DIRECTIONS FOR THIS TASK:
Repeat each line, word for word, from the one containing "Батыр Джукембаев продолжает" through the last line of the entries, and include no other output.

Crawled caption data:
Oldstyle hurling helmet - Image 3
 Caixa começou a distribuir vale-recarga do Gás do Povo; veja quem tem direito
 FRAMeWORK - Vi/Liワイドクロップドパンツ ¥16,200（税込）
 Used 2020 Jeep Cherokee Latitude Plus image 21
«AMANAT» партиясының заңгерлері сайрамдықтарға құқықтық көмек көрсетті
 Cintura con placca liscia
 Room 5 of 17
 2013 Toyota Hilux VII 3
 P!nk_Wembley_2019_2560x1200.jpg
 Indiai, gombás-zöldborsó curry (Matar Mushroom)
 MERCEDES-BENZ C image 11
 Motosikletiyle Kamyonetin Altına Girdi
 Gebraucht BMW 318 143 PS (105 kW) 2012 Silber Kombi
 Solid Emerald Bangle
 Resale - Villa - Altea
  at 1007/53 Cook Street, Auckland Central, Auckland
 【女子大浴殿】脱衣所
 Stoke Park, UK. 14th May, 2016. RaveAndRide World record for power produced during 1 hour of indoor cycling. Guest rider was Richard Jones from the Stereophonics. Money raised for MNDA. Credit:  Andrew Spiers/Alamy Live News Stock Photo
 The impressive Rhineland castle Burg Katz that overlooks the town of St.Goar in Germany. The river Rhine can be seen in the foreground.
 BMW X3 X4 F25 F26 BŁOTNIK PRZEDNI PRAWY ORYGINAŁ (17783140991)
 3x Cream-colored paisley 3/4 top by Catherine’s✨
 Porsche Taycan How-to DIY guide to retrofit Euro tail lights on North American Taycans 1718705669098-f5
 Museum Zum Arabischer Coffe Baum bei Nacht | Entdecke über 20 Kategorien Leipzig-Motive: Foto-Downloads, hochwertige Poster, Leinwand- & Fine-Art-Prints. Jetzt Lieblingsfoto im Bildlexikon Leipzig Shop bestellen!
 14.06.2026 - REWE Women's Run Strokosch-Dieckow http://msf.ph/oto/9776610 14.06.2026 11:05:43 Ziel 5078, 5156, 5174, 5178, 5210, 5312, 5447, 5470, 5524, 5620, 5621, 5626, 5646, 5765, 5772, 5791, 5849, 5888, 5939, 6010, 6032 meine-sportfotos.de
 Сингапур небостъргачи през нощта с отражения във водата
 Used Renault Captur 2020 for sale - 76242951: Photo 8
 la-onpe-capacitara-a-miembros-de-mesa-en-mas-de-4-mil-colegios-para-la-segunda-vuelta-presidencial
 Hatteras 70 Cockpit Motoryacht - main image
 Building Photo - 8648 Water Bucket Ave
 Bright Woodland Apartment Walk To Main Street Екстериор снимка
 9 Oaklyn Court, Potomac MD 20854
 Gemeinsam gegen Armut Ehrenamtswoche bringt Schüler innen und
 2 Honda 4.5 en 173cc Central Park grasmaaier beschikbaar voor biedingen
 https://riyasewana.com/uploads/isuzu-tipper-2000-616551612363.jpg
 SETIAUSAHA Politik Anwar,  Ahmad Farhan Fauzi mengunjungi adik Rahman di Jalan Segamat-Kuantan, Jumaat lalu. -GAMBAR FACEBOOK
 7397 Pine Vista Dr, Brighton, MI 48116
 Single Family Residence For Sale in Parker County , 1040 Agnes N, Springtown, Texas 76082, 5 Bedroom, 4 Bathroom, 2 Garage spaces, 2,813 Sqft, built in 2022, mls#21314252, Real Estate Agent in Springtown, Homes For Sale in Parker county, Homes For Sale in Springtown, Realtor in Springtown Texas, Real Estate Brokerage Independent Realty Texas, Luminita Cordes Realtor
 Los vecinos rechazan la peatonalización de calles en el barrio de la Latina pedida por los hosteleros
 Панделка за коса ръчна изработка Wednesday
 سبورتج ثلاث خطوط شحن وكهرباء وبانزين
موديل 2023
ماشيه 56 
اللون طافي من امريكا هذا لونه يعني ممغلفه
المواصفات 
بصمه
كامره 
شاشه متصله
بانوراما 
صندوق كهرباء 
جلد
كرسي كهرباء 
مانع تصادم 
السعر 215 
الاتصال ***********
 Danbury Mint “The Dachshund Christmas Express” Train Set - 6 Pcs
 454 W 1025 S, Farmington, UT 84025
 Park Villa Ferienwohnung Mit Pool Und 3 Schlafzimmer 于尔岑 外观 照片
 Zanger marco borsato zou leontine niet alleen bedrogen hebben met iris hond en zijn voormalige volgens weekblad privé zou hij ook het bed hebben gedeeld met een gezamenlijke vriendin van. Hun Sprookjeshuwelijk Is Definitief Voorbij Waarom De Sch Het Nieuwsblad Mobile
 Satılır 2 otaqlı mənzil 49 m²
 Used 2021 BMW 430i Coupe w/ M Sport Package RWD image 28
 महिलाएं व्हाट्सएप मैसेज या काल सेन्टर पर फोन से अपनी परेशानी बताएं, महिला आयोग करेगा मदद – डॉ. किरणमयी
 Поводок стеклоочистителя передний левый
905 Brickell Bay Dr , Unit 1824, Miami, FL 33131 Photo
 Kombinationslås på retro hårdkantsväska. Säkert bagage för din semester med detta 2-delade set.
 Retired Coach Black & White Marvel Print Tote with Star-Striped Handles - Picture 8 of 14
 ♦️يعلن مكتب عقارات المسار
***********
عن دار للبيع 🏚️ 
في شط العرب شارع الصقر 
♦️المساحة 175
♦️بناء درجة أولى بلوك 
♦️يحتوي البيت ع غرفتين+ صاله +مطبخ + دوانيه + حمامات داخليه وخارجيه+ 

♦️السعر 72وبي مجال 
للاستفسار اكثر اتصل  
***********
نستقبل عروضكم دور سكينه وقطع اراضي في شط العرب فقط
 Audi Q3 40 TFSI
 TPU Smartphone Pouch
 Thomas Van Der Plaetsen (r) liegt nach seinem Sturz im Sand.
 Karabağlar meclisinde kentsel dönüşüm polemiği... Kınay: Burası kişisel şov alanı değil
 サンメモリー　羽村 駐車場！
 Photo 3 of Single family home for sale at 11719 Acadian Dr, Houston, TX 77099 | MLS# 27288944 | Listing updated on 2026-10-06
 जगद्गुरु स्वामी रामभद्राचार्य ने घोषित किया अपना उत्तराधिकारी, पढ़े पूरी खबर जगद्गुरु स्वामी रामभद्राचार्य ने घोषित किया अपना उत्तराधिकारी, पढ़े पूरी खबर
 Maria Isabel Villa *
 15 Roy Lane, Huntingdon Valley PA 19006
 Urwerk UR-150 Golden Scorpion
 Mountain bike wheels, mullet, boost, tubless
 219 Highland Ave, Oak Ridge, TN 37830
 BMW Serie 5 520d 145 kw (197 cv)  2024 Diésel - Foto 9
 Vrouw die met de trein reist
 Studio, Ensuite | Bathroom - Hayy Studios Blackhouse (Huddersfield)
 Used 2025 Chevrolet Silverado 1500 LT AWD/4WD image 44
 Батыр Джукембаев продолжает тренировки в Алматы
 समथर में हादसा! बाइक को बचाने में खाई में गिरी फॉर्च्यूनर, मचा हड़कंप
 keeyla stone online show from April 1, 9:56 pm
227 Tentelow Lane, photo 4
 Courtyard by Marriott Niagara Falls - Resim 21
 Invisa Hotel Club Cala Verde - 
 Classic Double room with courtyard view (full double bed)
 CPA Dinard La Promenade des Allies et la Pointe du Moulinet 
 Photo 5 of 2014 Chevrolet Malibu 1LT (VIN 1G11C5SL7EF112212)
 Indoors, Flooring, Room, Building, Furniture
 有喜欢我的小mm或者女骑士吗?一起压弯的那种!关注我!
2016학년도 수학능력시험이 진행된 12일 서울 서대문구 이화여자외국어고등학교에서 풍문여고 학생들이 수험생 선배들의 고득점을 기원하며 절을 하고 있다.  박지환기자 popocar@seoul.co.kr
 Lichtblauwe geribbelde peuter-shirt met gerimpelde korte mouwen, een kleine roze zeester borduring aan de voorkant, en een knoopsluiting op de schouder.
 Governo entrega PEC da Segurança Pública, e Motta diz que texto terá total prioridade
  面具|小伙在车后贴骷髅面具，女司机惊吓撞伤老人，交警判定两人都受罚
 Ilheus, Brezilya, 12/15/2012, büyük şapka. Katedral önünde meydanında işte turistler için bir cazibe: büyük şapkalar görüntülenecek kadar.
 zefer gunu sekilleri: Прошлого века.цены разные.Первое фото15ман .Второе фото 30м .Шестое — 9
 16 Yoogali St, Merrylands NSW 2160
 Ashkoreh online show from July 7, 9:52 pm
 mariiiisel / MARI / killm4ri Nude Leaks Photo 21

TASK RESULT:
 Батыр Джукембаев продолжает тренировки в Алматы
 समथर में हादसा! बाइक को बचाने में खाई में गिरी फॉर्च्यूनर, मचा हड़कंप
 keeyla stone online show from April 1, 9:56 pm
227 Tentelow Lane, photo 4
 Courtyard by Marriott Niagara Falls - Resim 21
 Invisa Hotel Club Cala Verde - 
 Classic Double room with courtyard view (full double bed)
 CPA Dinard La Promenade des Allies et la Pointe du Moulinet 
 Photo 5 of 2014 Chevrolet Malibu 1LT (VIN 1G11C5SL7EF112212)
 Indoors, Flooring, Room, Building, Furniture
 有喜欢我的小mm或者女骑士吗?一起压弯的那种!关注我!
2016학년도 수학능력시험이 진행된 12일 서울 서대문구 이화여자외국어고등학교에서 풍문여고 학생들이 수험생 선배들의 고득점을 기원하며 절을 하고 있다.  박지환기자 popocar@seoul.co.kr
 Lichtblauwe geribbelde peuter-shirt met gerimpelde korte mouwen, een kleine roze zeester borduring aan de voorkant, en een knoopsluiting op de schouder.
 Governo entrega PEC da Segurança Pública, e Motta diz que texto terá total prioridade
  面具|小伙在车后贴骷髅面具，女司机惊吓撞伤老人，交警判定两人都受罚
 Ilheus, Brezilya, 12/15/2012, büyük şapka. Katedral önünde meydanında işte turistler için bir cazibe: büyük şapkalar görüntülenecek kadar.
 zefer gunu sekilleri: Прошлого века.цены разные.Первое фото15ман .Второе фото 30м .Шестое — 9
 16 Yoogali St, Merrylands NSW 2160
 Ashkoreh online show from July 7, 9:52 pm
 mariiiisel / MARI / killm4ri Nude Leaks Photo 21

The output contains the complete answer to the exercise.